WHAT IS EXPECTED: Beginning with the opening line of the entries, return every line through the one containing "If you've been", both included, and nothing else. Omit pictures.
[[ DATA FOR PROCESSING, beginning ]]
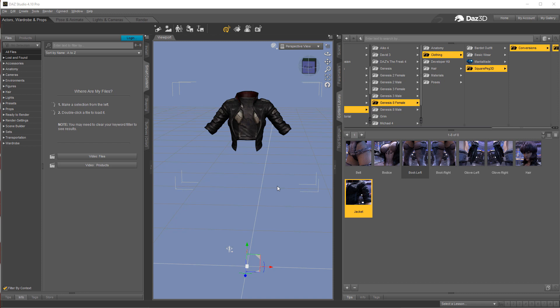We're going to take a quick look at skinning now and like everything else in this quick start guide, there's a lot more to it than what I'm going to show you, but this is just to get you started.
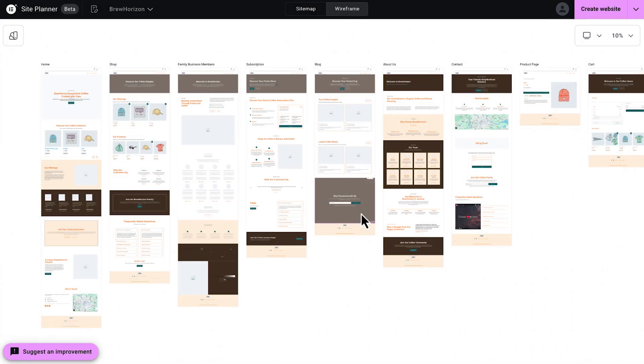So now that we've mapped out the entire website structure, it's time for the next step, turning this site map into a fully interactive wireframe. So in the next video, I'm going to show you exactly how to do that. So stay tuned. Thanks for joining.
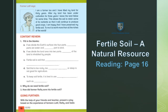Farmer Latif says: I am a farmer too, and I have tilled my land for 30 years. After my land has been under cultivation for three years, I leave the land fallow for some time. This allows the soil to retain some of its nutrients so that it will continue to produce good crops.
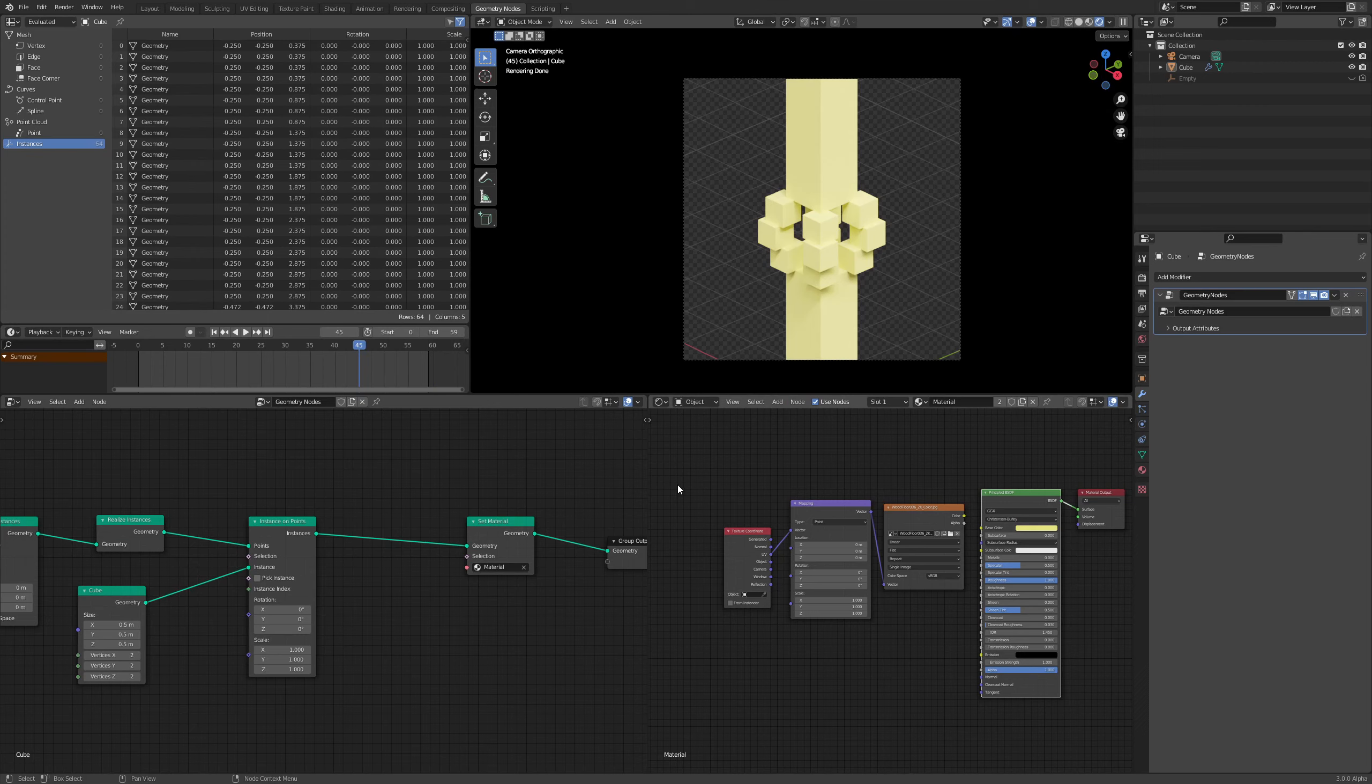If you've been working with Geometry Nodes for a while, you realize sooner or later that working with UVs is a bit tricky when it comes to instances, especially.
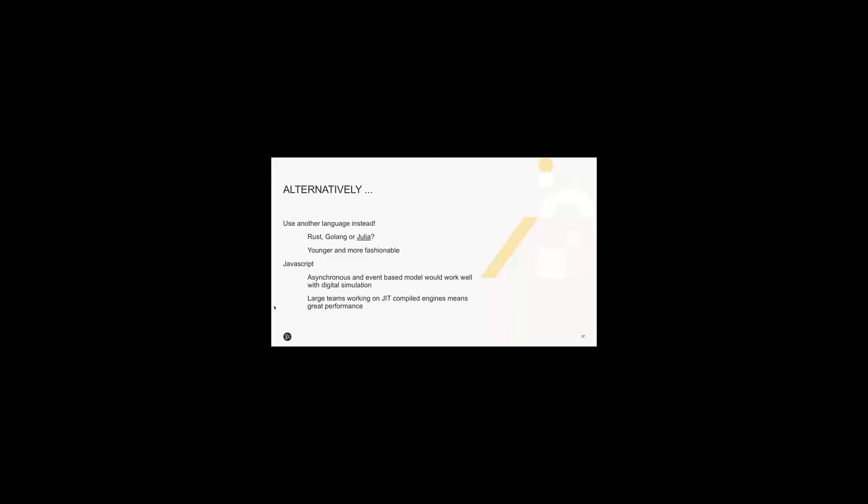Alternatively, you could just use a younger and more fashionable language like Rust, Golang, Julia are becoming very popular but I can't say I've used any of them. JavaScript is faster but it attracts more than its fair share of negativity. I like its asynchronous and event-based model. I think it would work well with digital simulations. There are large teams working on browser engines, squeezing every last bit of performance out of it. If I ever get time, I think something I'd want to look at next is JavaScript or Lua even for this type of application.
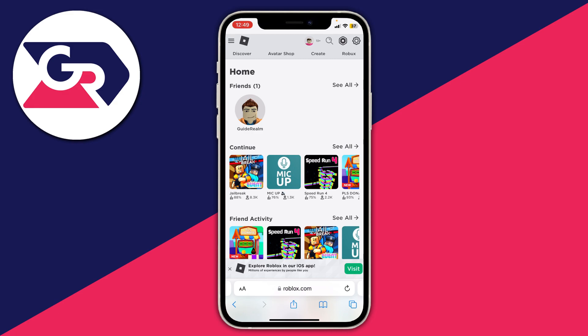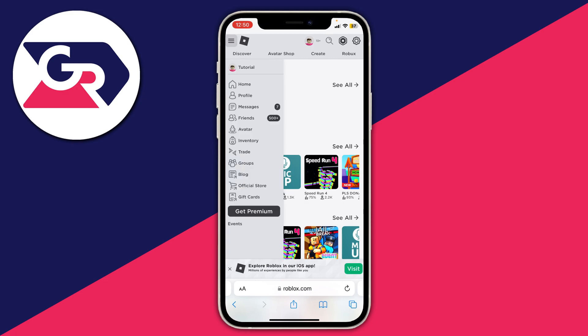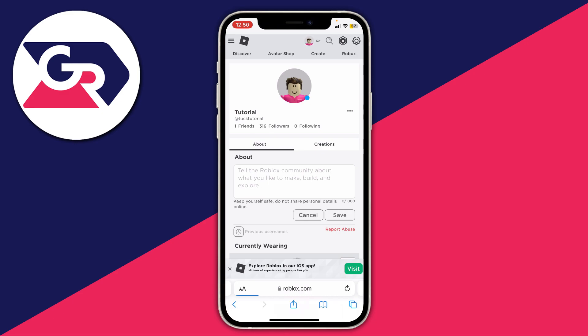Then you need to sign into your Roblox account — just enter the username and password you use to sign into the Roblox app, it's exactly the same. Next, go to your Roblox profile by tapping on the three bars in the top left of Roblox and tapping on your username.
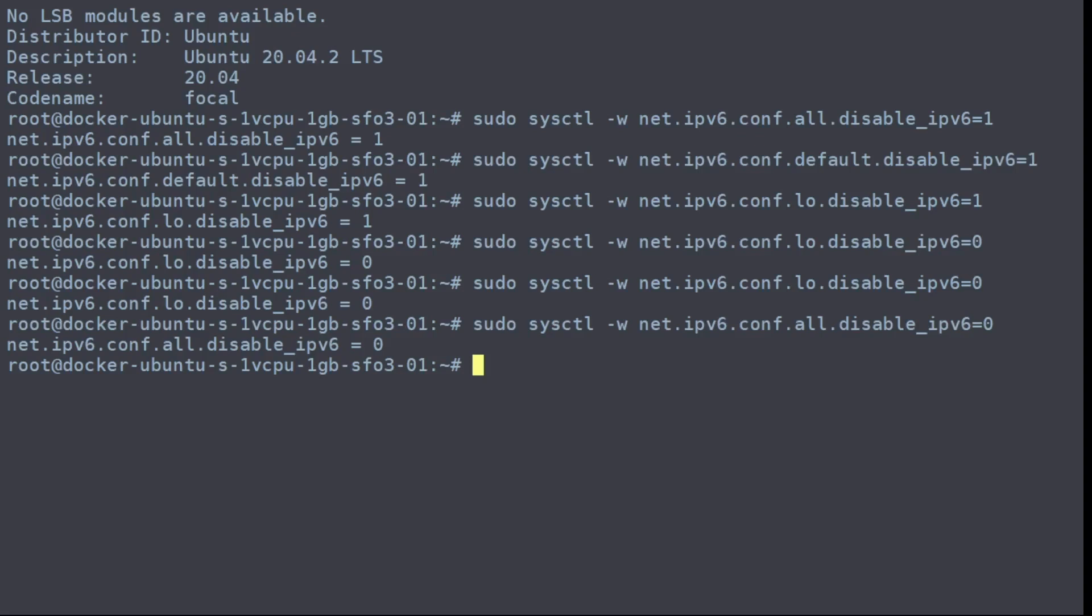On Ubuntu, the way you would do that is you modify your bootloader config file, which is in the grub. So it is /etc/default/grub, your bootloader config.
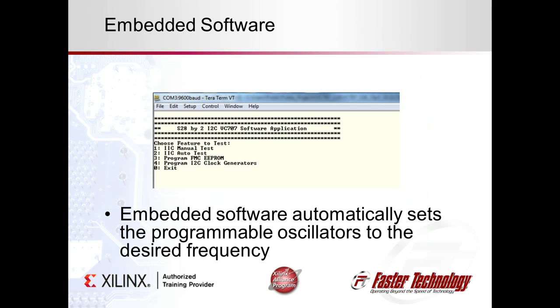When the FPGA is configured, the embedded processor boots and automatically configures the oscillators for us.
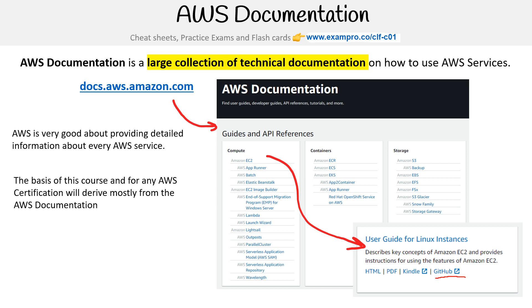The docs are really good and you can read them end to end, but they are very dense. It can be a bit hard to figure out what you should read and what you should not. But they are a really great resource and you should spend some time in there.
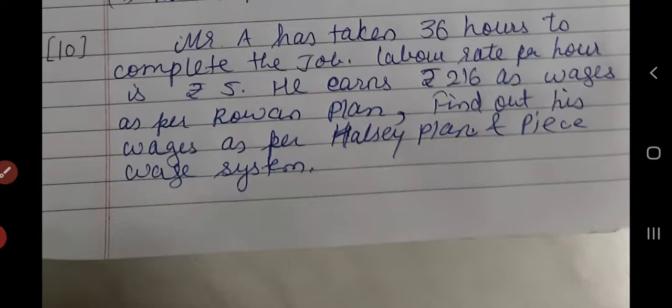At the end we also discussed the meaning, advantages, and limitations of Rowan plan along with the formula. Then we started with the example solving part. In the initial examples — number 1, 2 and 3 — we calculated wages as per time wage, piece wage, Halsey and Rowan, in cases where time allowed, time taken, and wage rate per hour were all provided. Then from today we calculated examples in which time allowed was not directly given, so by using the information in the questions we found out time allowed and time saved, and then proceeded with finding the different wages.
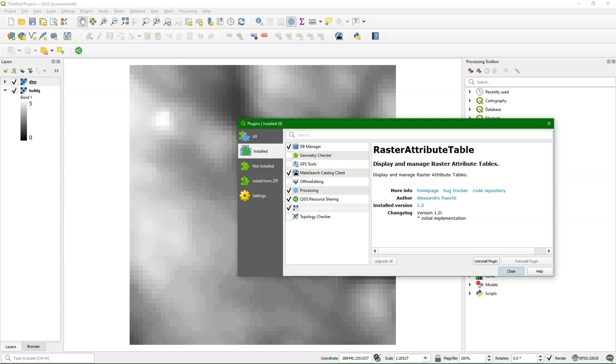Now it also supports deriving the lookup table from continuous rasters, also called scalar rasters in the PCRaster language. I'll demonstrate that in this video. Make sure you have installed the raster attribute table experimental plugin. Today it didn't download from the experimental plugins, but from the GitHub page I could install it from the zip file.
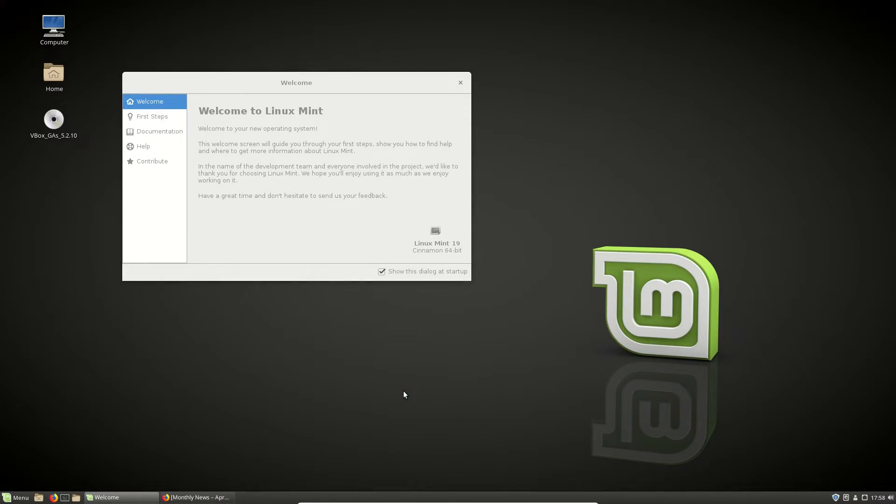G'day YouTube. This is just a quick video on one of the hottest new features talked about in Linux Mint 19 that's currently in the beta release at the moment.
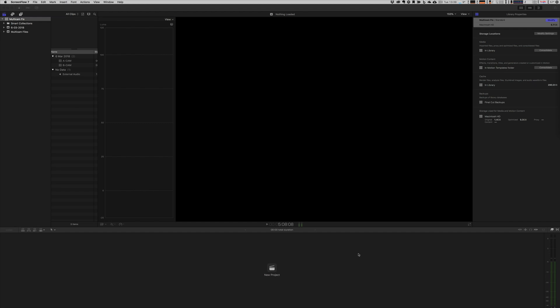Welcome to a quick Final Cut Pro tutorial. Today I'm going to talk about the problems I've had with multicam editing.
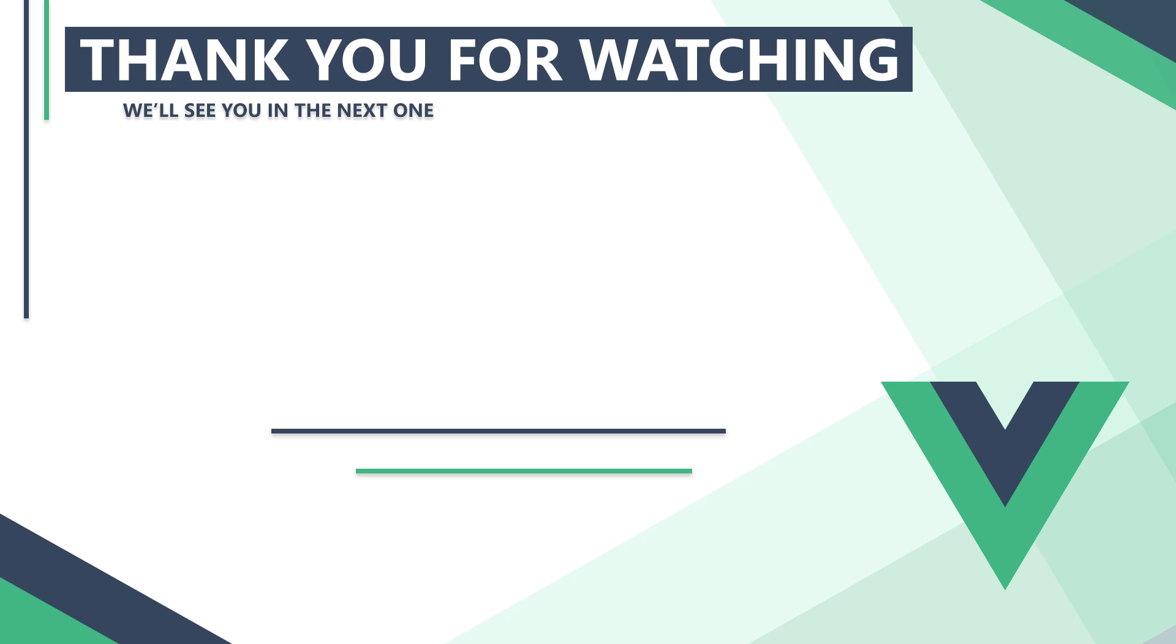In the next video, we'll learn more about how the Vue application instance works. Thank you for watching, we'll see you in the next one.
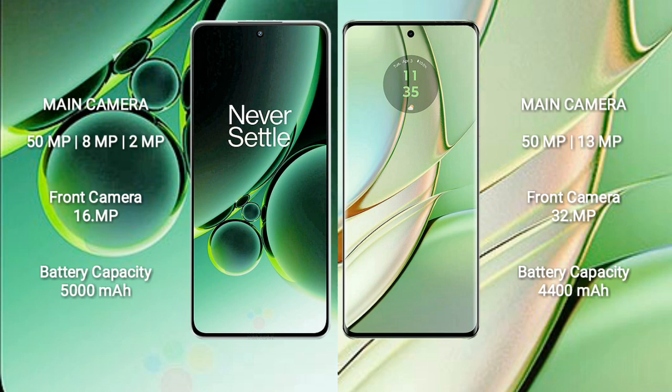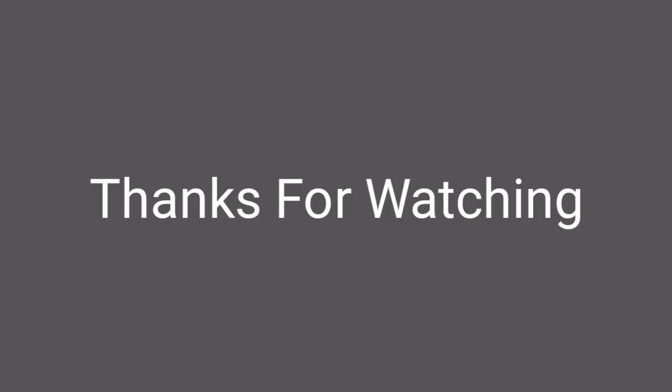OnePlus Nord 3 comes with a 5000mAh battery and 80W fast charging support. Motorola Edge 40 comes with a 4400mAh battery and 68W fast charging support.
[[ DATA FOR PROCESSING, end ]]
EXERCISE ANSWER:
We're going to take a quick look at skinning now and like everything else in this quick start guide, there's a lot more to it than what I'm going to show you, but this is just to get you started.
So now that we've mapped out the entire website structure, it's time for the next step, turning this site map into a fully interactive wireframe. So in the next video, I'm going to show you exactly how to do that. So stay tuned. Thanks for joining.
Farmer Latif says: I am a farmer too, and I have tilled my land for 30 years. After my land has been under cultivation for three years, I leave the land fallow for some time. This allows the soil to retain some of its nutrients so that it will continue to produce good crops.
If you've been working with Geometry Nodes for a while, you realize sooner or later that working with UVs is a bit tricky when it comes to instances, especially.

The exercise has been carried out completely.